◆ Excerpted data ◆

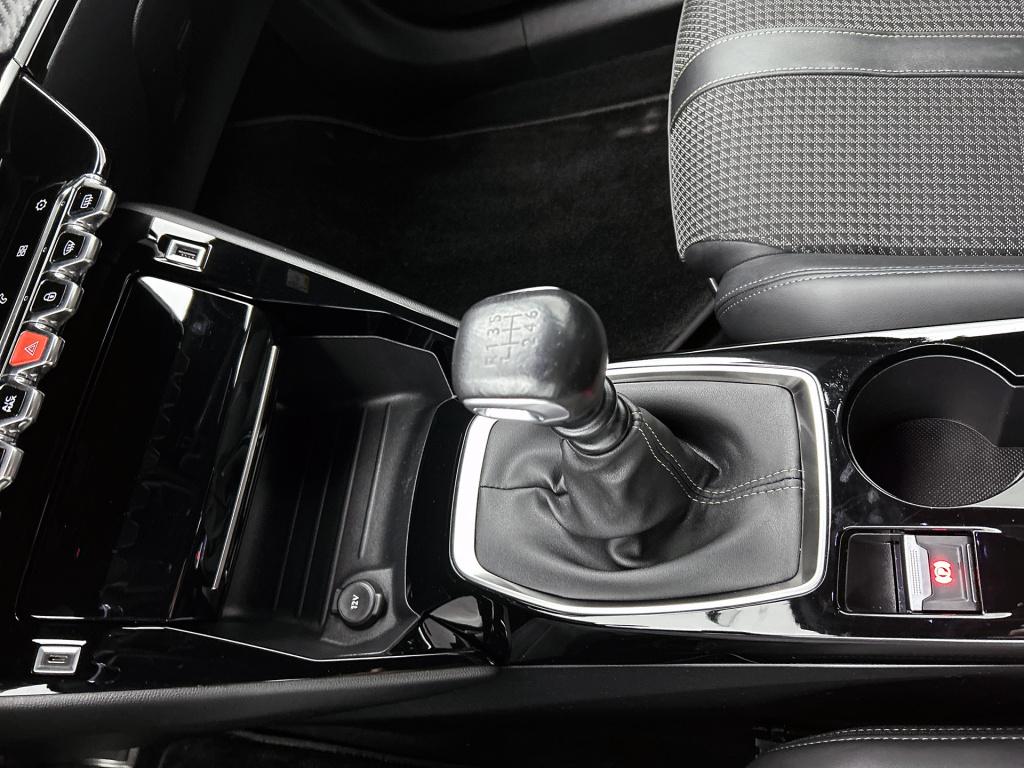 Peugeot 2008 130 pk gt-line | rijklaar | adaptive cc | navigatie | 3d cockp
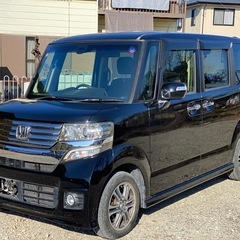 HONDA N BOX CUSTOM の画像
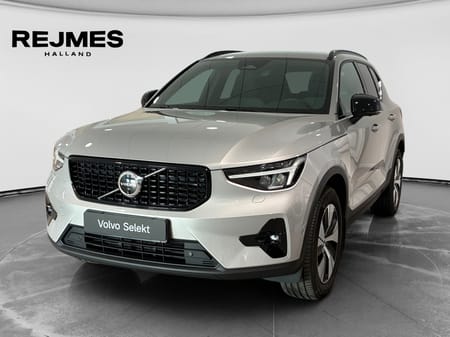 Volvo XC40 B3 FWD Bensin Plus Dark | 360-kamera | Dragkrok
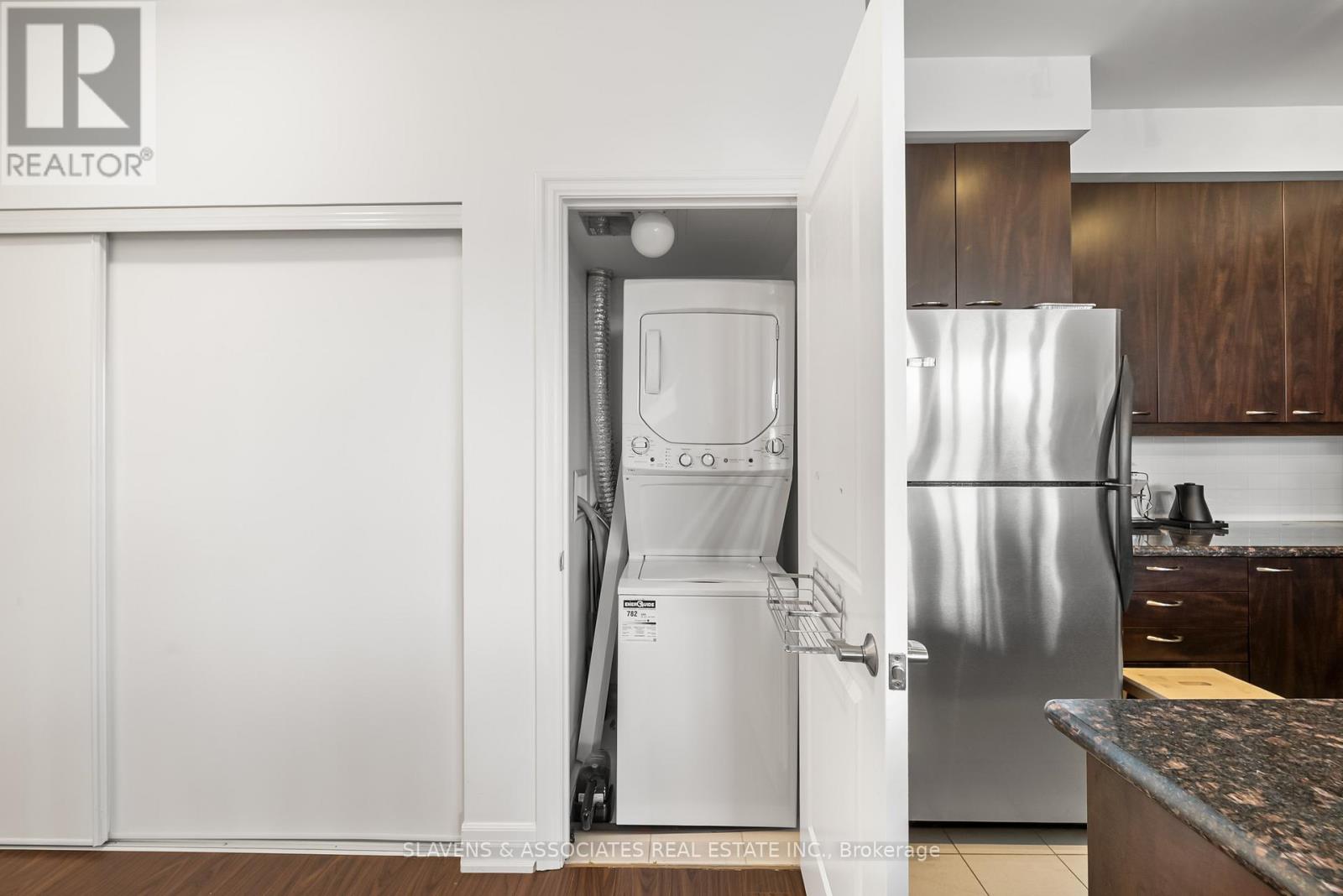 1303 - 500 St Clair Avenue W, Toronto, Ontario  M6C 1A8 - Photo 10 - C12523792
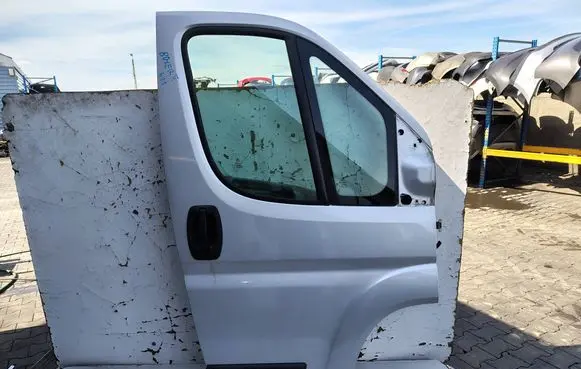 Peugeot Boxer Front door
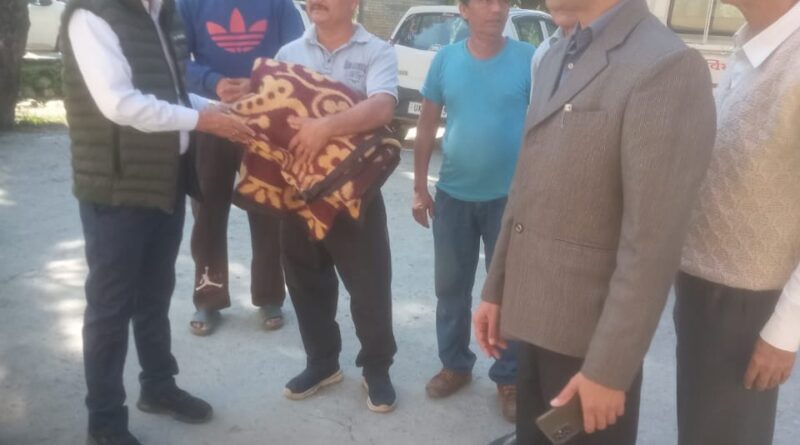 दीवाली  के दिन तोहफ़े लेकर पहुंचा प्रशासन आपदा पीड़ितों के पास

◆ About this task ◆
The expected output is exactly the lines from the one containing "Peugeot Boxer Front door" through the last line of the listing, both included, with every picture left out.

◆ Answer to this exercise ◆
 Peugeot Boxer Front door
 दीवाली  के दिन तोहफ़े लेकर पहुंचा प्रशासन आपदा पीड़ितों के पास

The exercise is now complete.